June 4, 2009
Scott E. Hein and Timothy W. Koch
A similar version of this opinion piece ran in the May 22, 2009 issue of American Banker
It was good the hear Secretary Tim Geithner state that "Community banks play a vital role in our financial system and a central role in our economy." This is indeed true and important for all to understand. Of course, it would have been much better if he made such comments to a wider audience than the Independent Community Bankers of America. But, of course, "preaching to the choir" is always much easier than speaking to the whole congregation.
Moreover, while it was reassuring to hear Secretary Geithner state, "Our goal is to limit the extent to which community banks and tax payers are forced to bear the burden of those institutions that take irresponsible risks," it would have been nicer to see more actions announced to help limit this burden, especially on community banks.
Now, the Secretary probably thought that his announcement during this same speech, re-opening and extending the deadline of the Capital Purchase Program (CPP, aka TARP) for community banks (with less than $500 million in total assets), would be taken as evidence of such strong actions. However, in our opinion the terms of the CPP for Subchapter S (S) Corporations are onerous and not very attractive to such banks, which make up the majority of small community banks in the country.

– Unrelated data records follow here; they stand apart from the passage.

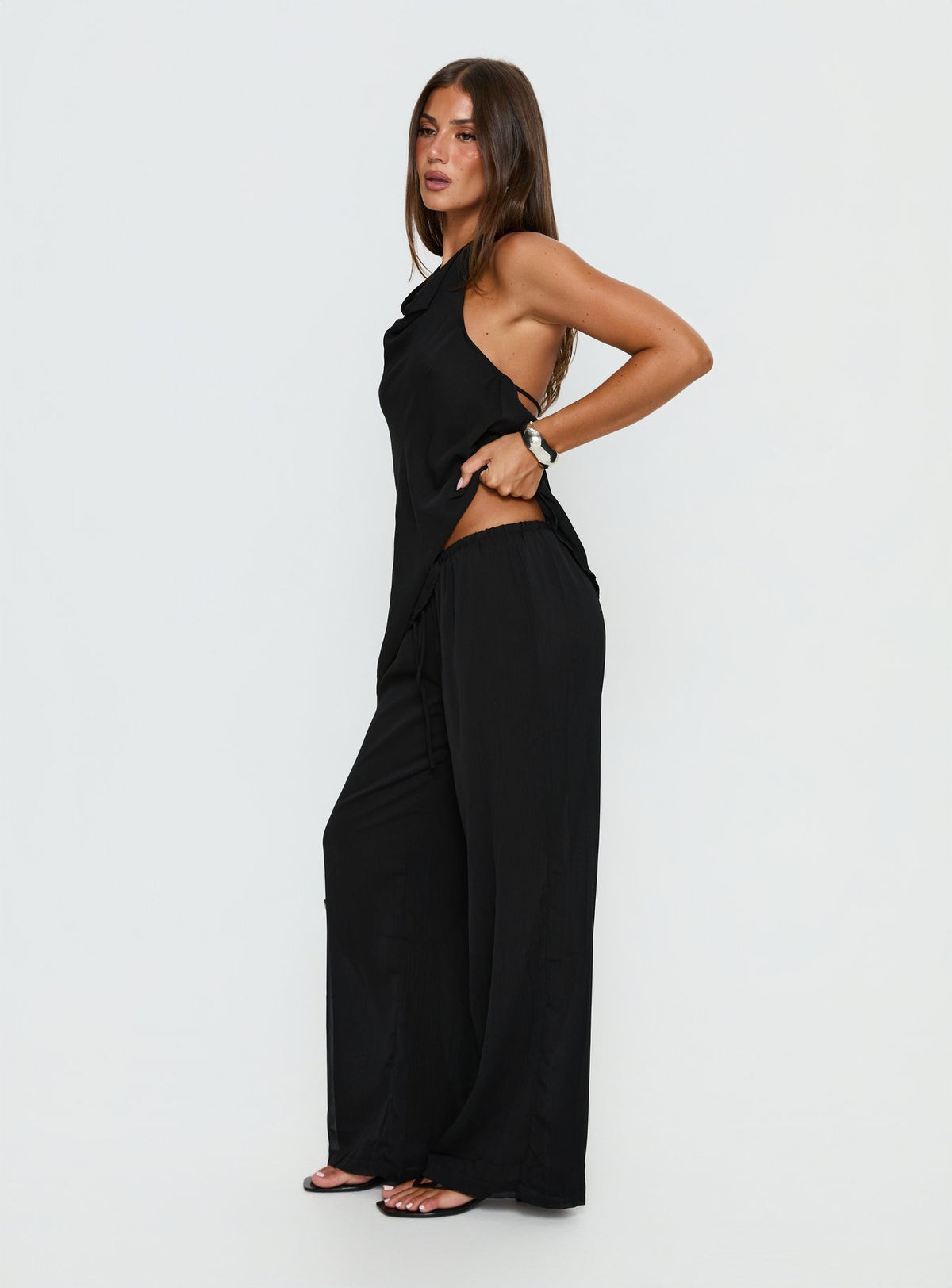 side view of model wearing Princess Polly Emorisa Mid Rise Chiffon Pant Black Mid Rise Pants Pants 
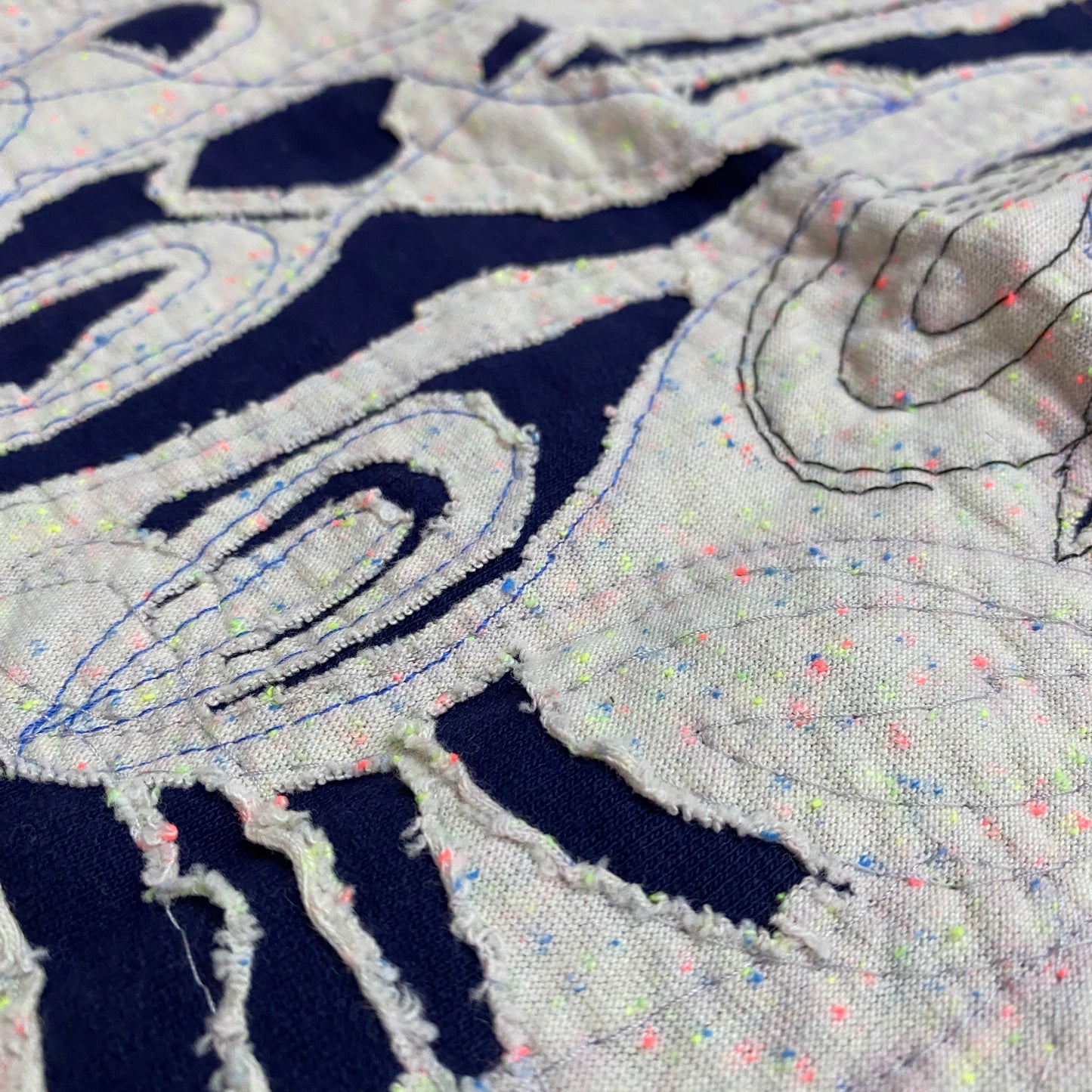 The background fabric on this negative reverse applique bandana is navy blue. The foreground fabric is cream colored with neon flecks. The top stitching is navy blue.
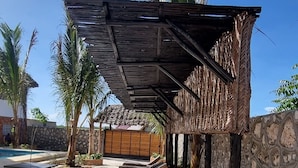A sunlit outdoor seating area with wooden loungers under a thatched roof, surrounded by palm trees and a stone wall. - Salama & Mbuyuni Bungalows (Matemwe)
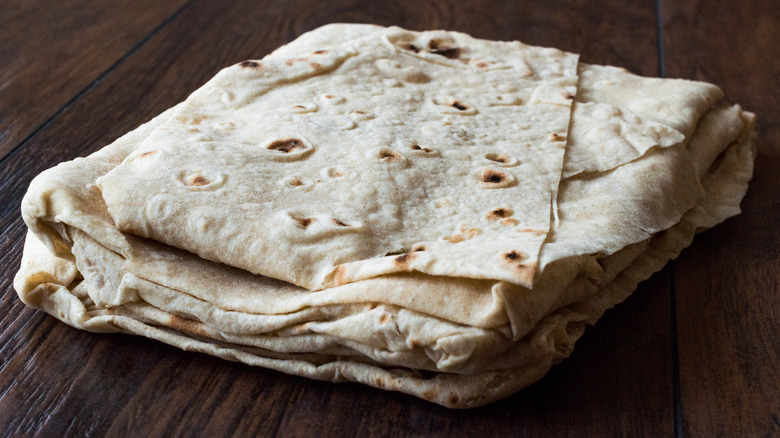 thin lavash bread folded on dark brown wooden table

To understand why we take a dim view of the CPP terms for S corporation banks recall that as originally structured in October 2008, the Treasury set the terms so it earned a 5% annual dividend on its preferred stock injections for large C corporation banks, which increases to 9% after the fifth year until maturity.[i]
In January 2009, the Treasury released the terms of the CPP for S corporation banks. Because S Corporations are prohibited from having more than one class of stock, the Treasury proposed to purchase subordinated debentures in S Corporation banks that are senior to common stock, but subordinated to deposits and other debt. These securities have a 30-year maturity and carry a 7.70% annual interest rate for the first five years, which increases to 13.8% after the fifth year. For regulatory capital purposes, the senior debentures are treated similarly to preferred stock.

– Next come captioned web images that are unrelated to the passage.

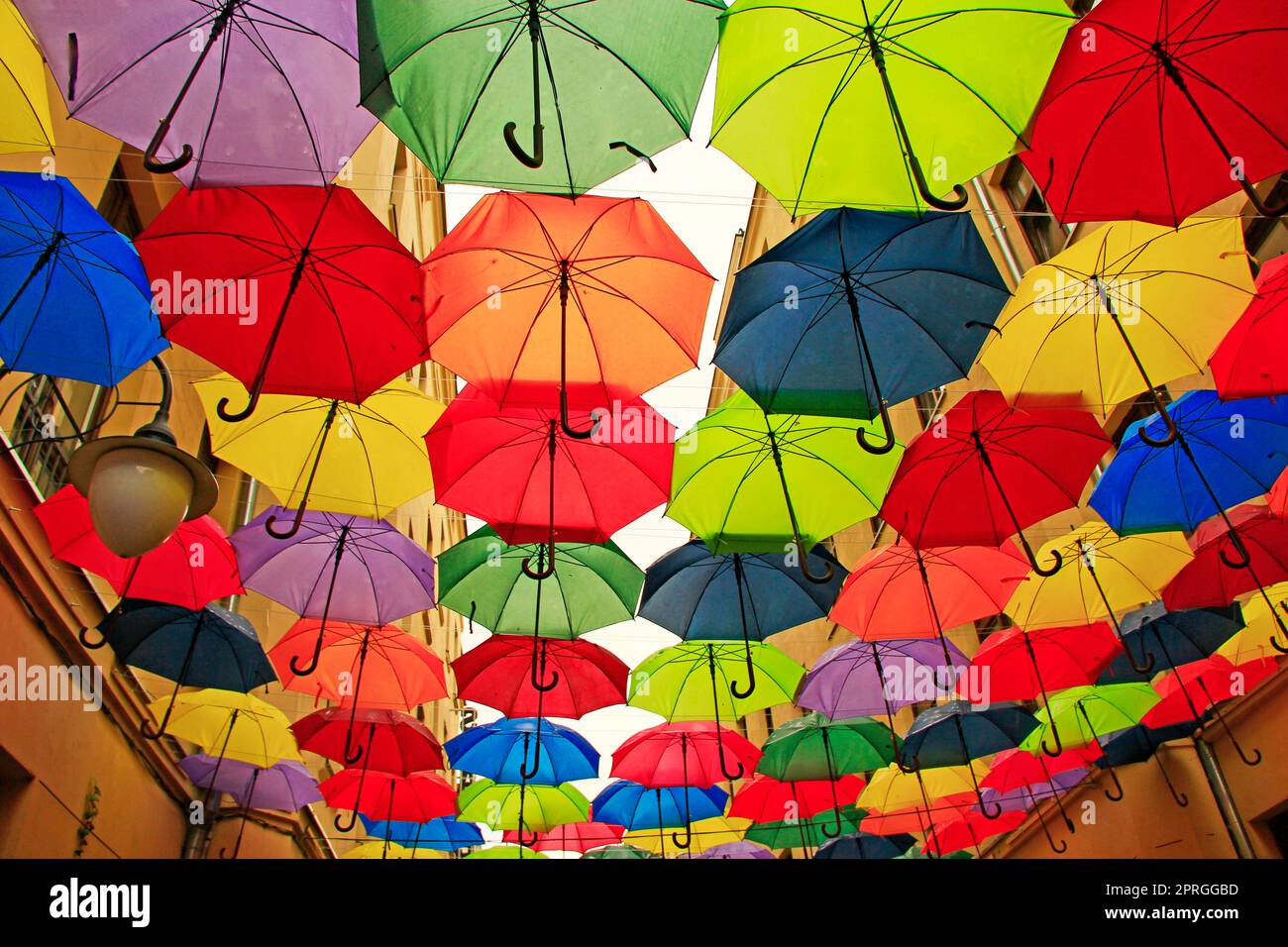 Colored umbrellas hanging at the top. Local landmark. Bold colors Stock Photo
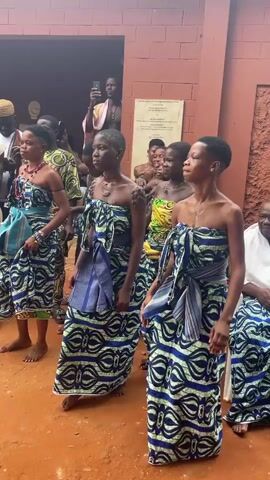 This is a medium shot video of a group of people, mostly young women, dancing. The women are wearing matching blue and white patterned strapless dresses with sashes tied around their waists and shoulders. They are barefoot and appear to be in an outdoor courtyard with a red-brown dirt floor. Behind them is a building with a reddish-brown brick facade and a dark opening, possibly a doorway or entrance. Several people, predominantly men, are standing or sitting in the background, some of whom appear to be filming the dancers with their phones. The lighting suggests it is daytime. The overall atmosphere appears to be celebratory or ceremonial.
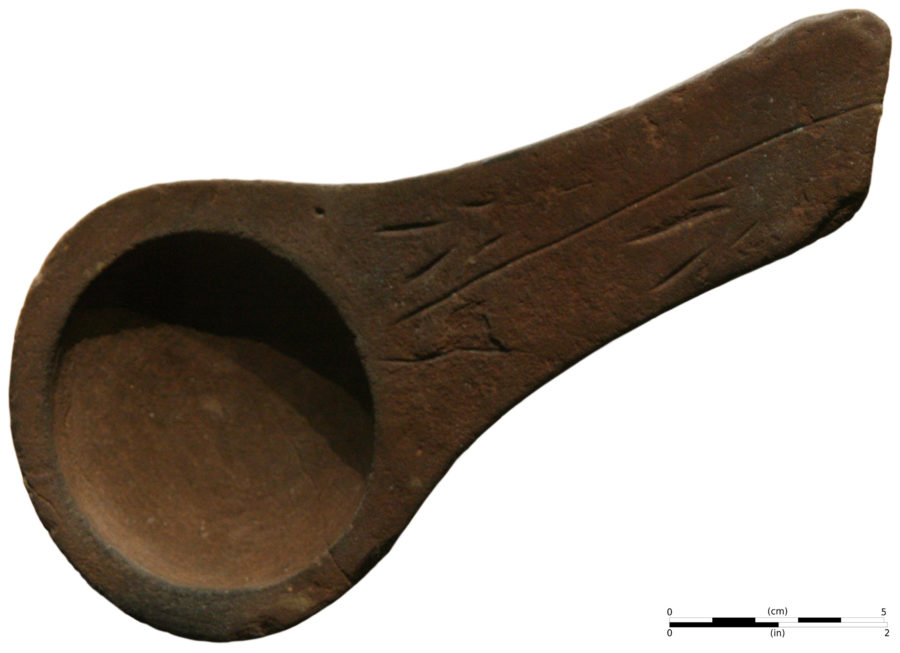 An image of a prehistoric pottery artifact, likely a bowl or scoop, made from clay. The object features a curved, shallow bowl with a handle, and it is decorated with simple linear carvings. The scale bar at the bottom indicates the size, with the artifact measuring a few centimeters in length.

Thus, while the Treasury will receive 5% annually in dividend income from C Corporation banks over the first five years following the capital injection; it will receive 7.7% annually in interest income from S Corporation banks that participate. Of course, to individual or corporate investors it makes a difference if one is receiving dividends, as opposed to interest income, as they are taxed at different rates. But, the Treasury pays no taxes so the distinction between dividends and interest income is irrelevant to it. In fact, the Treasury is better off from its treatment of S Corporation banks because it receives 54% more for the equivalent capital injection than they are receiving from C Corporation banks. Is this fair? The differential payment is potentially staggering. With $411 billion in outstanding CPP preferred stock, the Treasury expects to receive $20 billion annually in dividend income. It would earn $31.7 billion, however, if it invested solely in S corporations debentures. Of course, S Corporation banks are much smaller in total size, such that they cumulatively do not qualify for this amount of CPP assistance. But, given this perspective, is it any wonder that S Corporation banks have not clamored to participate in the CPP capital purchase program? Is this really appropriate? Isn't this increasing the burden on community banks that the Secretary said he wanted to limit?

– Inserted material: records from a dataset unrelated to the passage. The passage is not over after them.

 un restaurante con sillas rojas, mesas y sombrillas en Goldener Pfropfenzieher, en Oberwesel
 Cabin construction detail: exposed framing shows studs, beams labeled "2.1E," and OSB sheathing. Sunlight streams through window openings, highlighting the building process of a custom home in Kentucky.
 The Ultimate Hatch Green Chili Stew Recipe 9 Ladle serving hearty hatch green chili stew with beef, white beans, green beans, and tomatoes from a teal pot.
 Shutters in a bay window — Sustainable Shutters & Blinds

When the Treasury set the annual interest rate on the senior debentures at 7.7%, well above the 5% dividend yield on preferred stock for C Corporations, it argued that interest on the debt is "tax deductible," while the preferred stock dividends are not. This argument is indeed true for C Corporation banks. Such a corporate bank, with a marginal tax rate of 35%, would find the after-tax cost of either form of capital to be 5% and would thus be indifferent between the two. However, because S Corporation banks pay no federal income taxes at the corporate level, it is not appropriate to claim that interest expense is tax deductible at the corporate level. As such, the concept of "tax deductibility" is not relevant at the corporate level.
To be fair to S Corporation banks, the Treasury should have properly understood that it really does not matter to itself or S Corporation banks that "debt is tax deductible", so its cost should not have been increased from 5% to 7.7%. Increasing the cost simply increases the burden placed on community banks in this financial crisis, much like the increased in FDIC assessment.
Treasury also receives warrants equal to 15% of the amount of preferred stock, which we ignore in this discussion.